2015 has been a great year for the loon population on Lake Winnipesaukee. According to Cooley, there were 28 pairs of breeding adults, who produced 29 chicks. Of those chicks, 23 survived, making it the most successful breeding year in over a decade. Winnipesaukee currently has about half as many loons as what biologists estimate it would naturally have.
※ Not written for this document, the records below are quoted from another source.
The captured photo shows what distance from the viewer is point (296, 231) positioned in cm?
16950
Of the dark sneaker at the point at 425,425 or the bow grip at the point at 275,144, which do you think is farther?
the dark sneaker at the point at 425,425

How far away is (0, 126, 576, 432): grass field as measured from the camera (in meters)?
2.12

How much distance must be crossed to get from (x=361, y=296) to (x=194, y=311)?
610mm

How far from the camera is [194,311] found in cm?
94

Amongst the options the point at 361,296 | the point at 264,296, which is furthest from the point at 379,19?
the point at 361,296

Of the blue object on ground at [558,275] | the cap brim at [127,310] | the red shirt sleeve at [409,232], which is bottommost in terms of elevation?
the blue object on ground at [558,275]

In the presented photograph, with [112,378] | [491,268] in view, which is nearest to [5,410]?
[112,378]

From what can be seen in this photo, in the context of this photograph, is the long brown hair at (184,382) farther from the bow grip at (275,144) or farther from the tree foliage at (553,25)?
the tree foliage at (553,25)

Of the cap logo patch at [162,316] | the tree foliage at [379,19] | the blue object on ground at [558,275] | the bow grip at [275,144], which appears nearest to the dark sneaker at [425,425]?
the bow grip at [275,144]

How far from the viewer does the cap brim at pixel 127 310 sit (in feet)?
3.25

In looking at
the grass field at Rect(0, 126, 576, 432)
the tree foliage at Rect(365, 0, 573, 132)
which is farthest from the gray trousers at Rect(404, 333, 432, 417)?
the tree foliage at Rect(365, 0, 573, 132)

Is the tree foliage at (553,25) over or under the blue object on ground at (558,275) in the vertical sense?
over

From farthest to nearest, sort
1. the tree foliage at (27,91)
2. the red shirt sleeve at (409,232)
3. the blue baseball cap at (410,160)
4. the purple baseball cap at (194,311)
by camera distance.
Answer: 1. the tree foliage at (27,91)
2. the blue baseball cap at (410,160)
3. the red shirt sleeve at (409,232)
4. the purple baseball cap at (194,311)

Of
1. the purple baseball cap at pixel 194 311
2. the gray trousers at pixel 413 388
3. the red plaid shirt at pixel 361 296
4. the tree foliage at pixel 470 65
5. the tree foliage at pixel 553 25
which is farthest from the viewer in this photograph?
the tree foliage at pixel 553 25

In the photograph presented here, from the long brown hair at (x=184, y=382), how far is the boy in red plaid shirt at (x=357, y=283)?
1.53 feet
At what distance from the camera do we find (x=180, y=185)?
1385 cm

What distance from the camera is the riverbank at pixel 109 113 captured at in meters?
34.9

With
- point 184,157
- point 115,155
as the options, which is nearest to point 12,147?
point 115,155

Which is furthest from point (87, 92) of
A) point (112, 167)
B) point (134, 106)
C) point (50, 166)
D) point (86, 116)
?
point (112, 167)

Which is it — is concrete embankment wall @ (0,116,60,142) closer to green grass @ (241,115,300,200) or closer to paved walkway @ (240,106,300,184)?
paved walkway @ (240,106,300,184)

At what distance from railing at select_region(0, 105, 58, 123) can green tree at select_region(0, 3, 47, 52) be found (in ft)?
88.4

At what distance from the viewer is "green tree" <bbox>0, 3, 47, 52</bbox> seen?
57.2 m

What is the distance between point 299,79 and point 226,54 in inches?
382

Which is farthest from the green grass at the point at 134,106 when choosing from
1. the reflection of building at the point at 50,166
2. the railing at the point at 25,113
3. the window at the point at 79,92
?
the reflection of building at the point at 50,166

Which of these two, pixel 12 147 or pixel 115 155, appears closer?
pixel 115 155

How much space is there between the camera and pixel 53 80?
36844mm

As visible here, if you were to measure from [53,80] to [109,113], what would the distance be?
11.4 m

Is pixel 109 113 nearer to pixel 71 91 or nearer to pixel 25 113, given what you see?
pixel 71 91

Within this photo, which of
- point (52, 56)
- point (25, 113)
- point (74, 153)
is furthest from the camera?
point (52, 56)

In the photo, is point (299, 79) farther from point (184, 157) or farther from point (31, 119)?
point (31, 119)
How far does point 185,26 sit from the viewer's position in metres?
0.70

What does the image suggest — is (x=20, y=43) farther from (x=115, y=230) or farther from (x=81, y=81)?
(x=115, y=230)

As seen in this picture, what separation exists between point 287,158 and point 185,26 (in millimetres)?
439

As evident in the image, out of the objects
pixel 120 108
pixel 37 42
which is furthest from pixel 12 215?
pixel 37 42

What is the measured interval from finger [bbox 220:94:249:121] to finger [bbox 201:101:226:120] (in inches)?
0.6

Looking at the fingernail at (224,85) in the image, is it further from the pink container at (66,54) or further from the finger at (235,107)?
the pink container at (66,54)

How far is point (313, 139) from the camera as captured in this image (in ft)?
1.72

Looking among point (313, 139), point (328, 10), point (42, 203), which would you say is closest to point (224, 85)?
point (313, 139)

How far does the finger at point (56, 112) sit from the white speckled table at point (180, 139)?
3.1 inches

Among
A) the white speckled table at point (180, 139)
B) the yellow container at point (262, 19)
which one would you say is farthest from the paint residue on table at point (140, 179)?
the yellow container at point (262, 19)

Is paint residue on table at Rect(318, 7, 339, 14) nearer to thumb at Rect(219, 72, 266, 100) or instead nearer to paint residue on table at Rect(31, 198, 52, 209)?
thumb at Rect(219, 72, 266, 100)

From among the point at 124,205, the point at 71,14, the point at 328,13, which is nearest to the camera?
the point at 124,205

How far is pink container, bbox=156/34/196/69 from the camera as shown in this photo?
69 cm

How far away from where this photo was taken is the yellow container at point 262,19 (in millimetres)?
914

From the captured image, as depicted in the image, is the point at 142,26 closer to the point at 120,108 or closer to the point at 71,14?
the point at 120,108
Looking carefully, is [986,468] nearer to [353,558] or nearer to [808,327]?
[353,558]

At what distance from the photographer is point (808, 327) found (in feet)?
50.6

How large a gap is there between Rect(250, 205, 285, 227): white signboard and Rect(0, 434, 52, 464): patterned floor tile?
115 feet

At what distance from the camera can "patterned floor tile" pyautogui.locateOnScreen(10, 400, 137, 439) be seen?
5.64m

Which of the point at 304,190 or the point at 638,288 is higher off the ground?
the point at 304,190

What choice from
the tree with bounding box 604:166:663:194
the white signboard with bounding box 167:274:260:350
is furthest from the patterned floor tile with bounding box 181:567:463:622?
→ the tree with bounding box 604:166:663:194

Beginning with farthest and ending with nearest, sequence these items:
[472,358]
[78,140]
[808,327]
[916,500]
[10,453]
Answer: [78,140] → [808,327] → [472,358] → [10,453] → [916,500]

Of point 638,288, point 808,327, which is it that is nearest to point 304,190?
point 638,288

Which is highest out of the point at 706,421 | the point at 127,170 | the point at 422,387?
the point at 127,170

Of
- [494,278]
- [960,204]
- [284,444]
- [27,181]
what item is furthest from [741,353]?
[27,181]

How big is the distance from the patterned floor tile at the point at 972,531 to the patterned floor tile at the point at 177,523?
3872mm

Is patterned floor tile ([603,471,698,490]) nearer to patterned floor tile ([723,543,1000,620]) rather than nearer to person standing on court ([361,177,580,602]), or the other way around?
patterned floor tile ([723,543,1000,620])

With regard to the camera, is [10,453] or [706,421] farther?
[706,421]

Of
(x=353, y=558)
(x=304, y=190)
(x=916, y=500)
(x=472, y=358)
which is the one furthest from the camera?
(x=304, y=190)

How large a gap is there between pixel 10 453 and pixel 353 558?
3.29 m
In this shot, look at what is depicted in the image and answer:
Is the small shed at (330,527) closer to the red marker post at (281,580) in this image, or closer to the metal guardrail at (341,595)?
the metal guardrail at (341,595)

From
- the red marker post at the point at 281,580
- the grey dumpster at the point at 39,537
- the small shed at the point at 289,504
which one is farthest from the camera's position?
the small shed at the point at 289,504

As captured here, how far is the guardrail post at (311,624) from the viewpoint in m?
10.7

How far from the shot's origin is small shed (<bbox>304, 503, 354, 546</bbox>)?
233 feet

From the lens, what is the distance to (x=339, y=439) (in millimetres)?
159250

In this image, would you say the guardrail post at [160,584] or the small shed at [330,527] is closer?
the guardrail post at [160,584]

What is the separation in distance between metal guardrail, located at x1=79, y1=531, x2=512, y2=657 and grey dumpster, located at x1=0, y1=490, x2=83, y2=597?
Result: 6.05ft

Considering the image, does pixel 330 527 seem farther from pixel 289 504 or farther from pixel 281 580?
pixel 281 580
"We're in the midst of a slow, gradual and intensively managed recovery back to where it should be," he said.
However, serious threats to loons remain.

"We are continuing to see adult mortality from lead fishing tackle and boat strikes," he said.

Loons survive for decades and produce a couple of chicks per year, so Cooley said each adult bird is vital to the effort to repopulate the lakes. A single case of lead poisoning casts what he calls a "long shadow" on conservation efforts.
Loon conservationists, in the Lakes Region and throughout New Hampshire, are also beginning to fear that changing climate patterns could undo all their work. Early summer deluges, once rare in this region, are now becoming a frequent occurrence. Because loons nest at the shoreline, these heavy rain events can flood their nests, forcing adults to abandon their eggs or newly hatched chicks.
Warming temperatures could also drive the loons away. Cooley noted that in New Hampshire loons are at the southern extreme of the bird's geographical distribution. If average temperatures rise by a few degrees, he said, "There could well be effects on temperature and physiology of loons... Changing climate is likely to have a profound effect on the loon population."